To be sure, heightened trade risks will form headwinds for growth. In terms of combined imports and exports, Mexico is the US’s 2nd largest trading partner, and both economies have benefitted from an unimpeded flow of goods that has enabled significant supply chain integration in North America.

While we did see some green shoots of growth in the US and China in Q1 2019, the underlying momentum was tentative. The strong Q1 GDP print in the US was in part boosted by unsustainable factors such as inventory and net trade. In China, the manufacturing PMI fell from 50.1 in April to 49.4 in May – marking the briefest period of PMI expansion since 2008 – and the weakness in the new orders component in May was particularly notable.

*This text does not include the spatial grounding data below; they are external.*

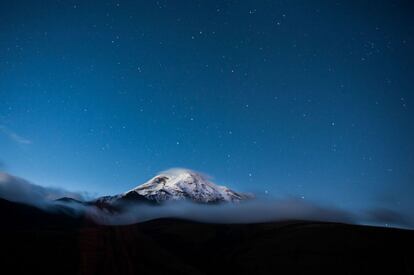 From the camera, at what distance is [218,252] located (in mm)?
78250

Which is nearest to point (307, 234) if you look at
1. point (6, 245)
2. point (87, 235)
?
point (87, 235)

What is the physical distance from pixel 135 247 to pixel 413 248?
56.0 metres

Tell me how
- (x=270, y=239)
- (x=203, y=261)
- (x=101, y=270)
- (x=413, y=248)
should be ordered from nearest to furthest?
(x=101, y=270) → (x=413, y=248) → (x=203, y=261) → (x=270, y=239)

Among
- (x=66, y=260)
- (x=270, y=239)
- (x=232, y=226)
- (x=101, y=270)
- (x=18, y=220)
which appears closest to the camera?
(x=101, y=270)

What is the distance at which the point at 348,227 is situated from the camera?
79.8 metres

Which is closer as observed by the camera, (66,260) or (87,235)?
(66,260)

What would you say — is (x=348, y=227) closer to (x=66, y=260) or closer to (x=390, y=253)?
(x=390, y=253)

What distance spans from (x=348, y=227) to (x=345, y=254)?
18211mm

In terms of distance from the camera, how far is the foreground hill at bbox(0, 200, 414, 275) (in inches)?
2290

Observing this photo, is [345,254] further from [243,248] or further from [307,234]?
[243,248]

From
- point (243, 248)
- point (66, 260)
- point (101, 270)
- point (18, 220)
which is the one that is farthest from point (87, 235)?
point (18, 220)

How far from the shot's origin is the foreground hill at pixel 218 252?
58156mm

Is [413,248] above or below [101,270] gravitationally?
above

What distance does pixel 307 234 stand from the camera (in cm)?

In terms of our asset allocation strategy, we had taken profits and reduced our overall equity position to neutral on May 8, and had cautioned against adding overall portfolio risk since. This has turned out to be a sound move as the market continued to move risk-off against a deteriorating backdrop.

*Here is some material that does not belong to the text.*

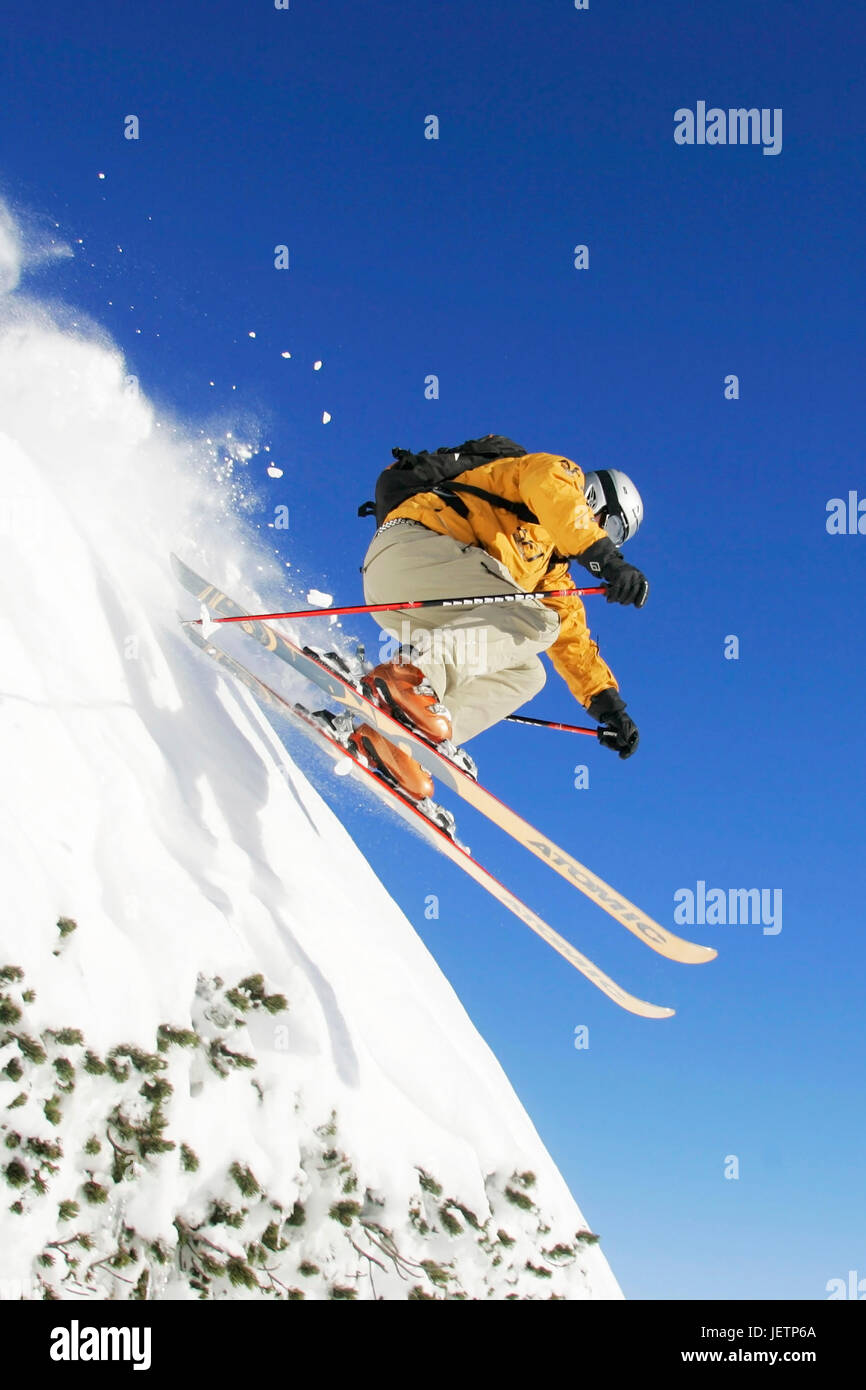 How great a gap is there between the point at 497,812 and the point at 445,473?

Heightened trade risk and growth headwinds will further weigh on emerging markets and the high-yield fixed income space. At this juncture, we continue to reduce risk by neutralising our overweight positions in Developed Markets (DM) High-Yield and Emerging Markets (EM) High-Yield bonds.

This brings our overall portfolio risk position to neutral. We don’t see sufficient grounds to be overall underweight risk for two reasons. First, we do not see the base case for a recession in the next 12 months; and second, central banks and policy makers are watchful of downside risks to growth, and they can and will ease if needed.

One potential scenario is the Fed putting forth a set of rate cuts (75bps - 125bps) as insurance against a downturn if the economic outlook weakens in the months ahead. Prior to previous episodes of insurance cuts in 1995 and 1998, the US ISM PMI has fallen below 50 for at least 2 consecutive months.

Fed fund futures are now pricing a near certainty of Fed cuts by the end of 2019. Our Chief Economist Richard Jerram believes that rate cuts are possible but the Fed would need to see clear signs of economic weakness before acting.